# is there anybody could give me a number for buying beer



## dhrcy12 (Sep 7, 2013)

am livin in tecom of duba internet city

😔thx a lot


----------



## Windsweptdragon (Aug 12, 2012)

Google a company called Centaurus. They've been recommended on here before and will deliver.


----------



## dhrcy12 (Sep 7, 2013)

Windsweptdragon said:


> Google a company called Centaurus. They've been recommended on here before and will deliver.



do i need a license?


----------



## webmongaz (Feb 2, 2011)

Everyone goes back to work today and you need beer! And no you don't need a license.


----------



## Stevesolar (Dec 21, 2012)

webmongaz said:


> Everyone goes back to work today and you need beer! And no you don't need a license.


Hi,
No you dont "need" a licence to buy from the delivery companies - but legally you should possess one!
Cheers
Steve


----------



## Roxtec Blue (Jan 14, 2013)

Stevesolar said:


> Hi,
> No you dont "need" a licence to buy from the delivery companies - but legally you should possess one!
> Cheers
> Steve


Well said Steve.

Why invite trouble?

If you are a Dubai resident you legally need a licence to consume, store, transport & buy alcohol from registered sales outlets. 

Why not just get a licence and then the stress goes away? Or you could take your chance.

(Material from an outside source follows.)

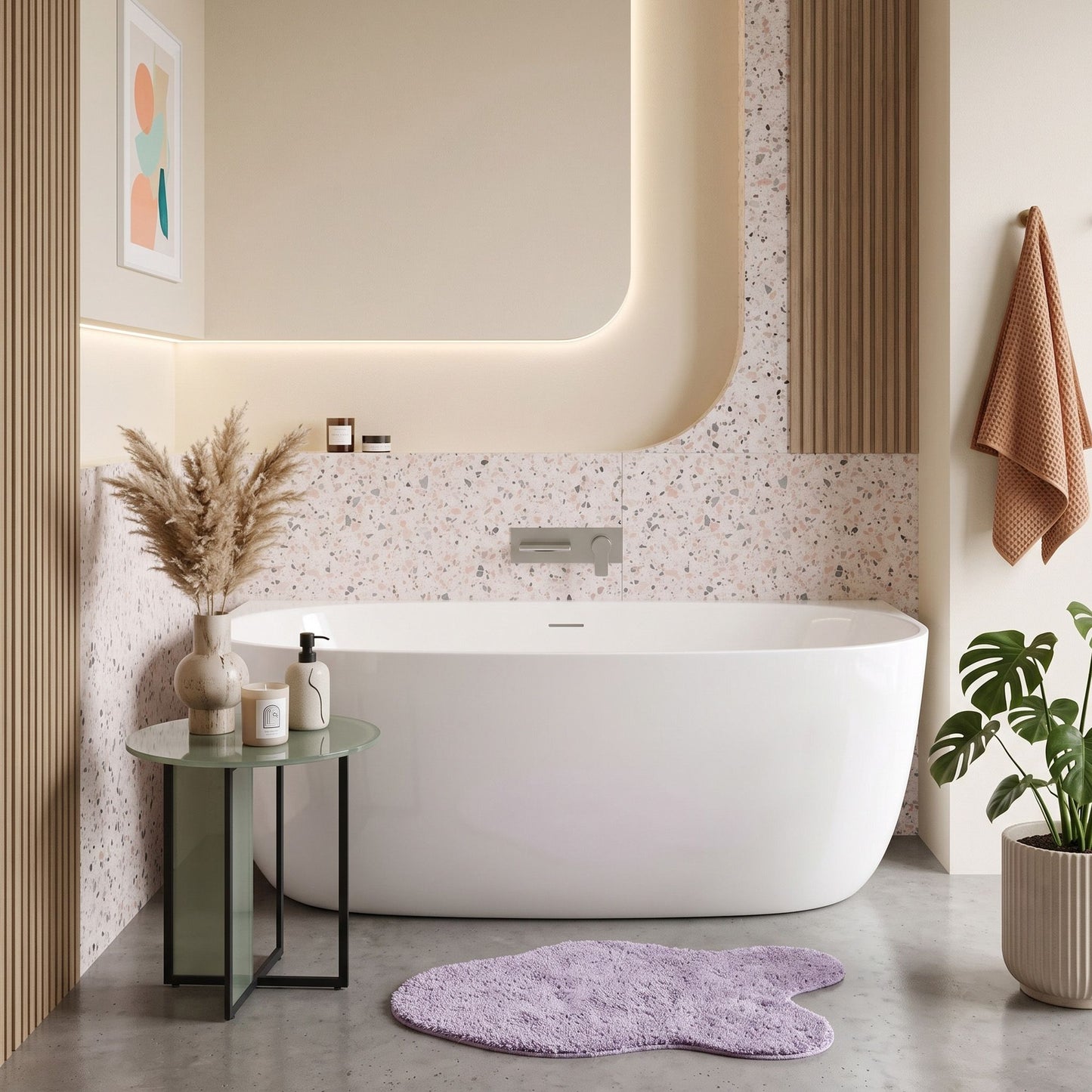 Cada Din Acril Freestanding Rea Eris 150cm Capac Dop Negru 7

You could also not bother getting a drivers licence, residents visa, work permit, blah blah blah


----------



## dhrcy12 (Sep 7, 2013)

Roxtec Blue said:


> Well said Steve.
> 
> Why invite trouble?
> 
> ...


Well life totally should be simple😜


----------



## dhrcy12 (Sep 7, 2013)

webmongaz said:


> Everyone goes back to work today and you need beer! And no you don't need a license.


cheers!


----------



## Zexotic (Sep 3, 2011)

They have Tecom in Western Samoa too? TIL.


----------



## arabianhorse (Nov 13, 2013)

12 or 24 is usually a good number

I normally buy 24, saves me from driving drunk to the bottle shop the next morning


----------



## Navaron (Oct 13, 2014)

personally I would risk not having a license as I hear they are clamping down especially after the spate of traffic accidents in Dubai that have been widely reported. Not saying alcohol is a factor but no point putting yourself out there


----------



## LesFroggitts (Dec 30, 2013)

Navaron said:


> personally I would risk not having a license as I hear they are clamping down especially after the spate of traffic accidents in Dubai that have been widely reported. Not saying alcohol is a factor but no point putting yourself out there


Having an alcohol license is of no benefit when involved in a vehicle accident, the threshold for alcohol consumption and driving in the Emirates is ZERO.


----------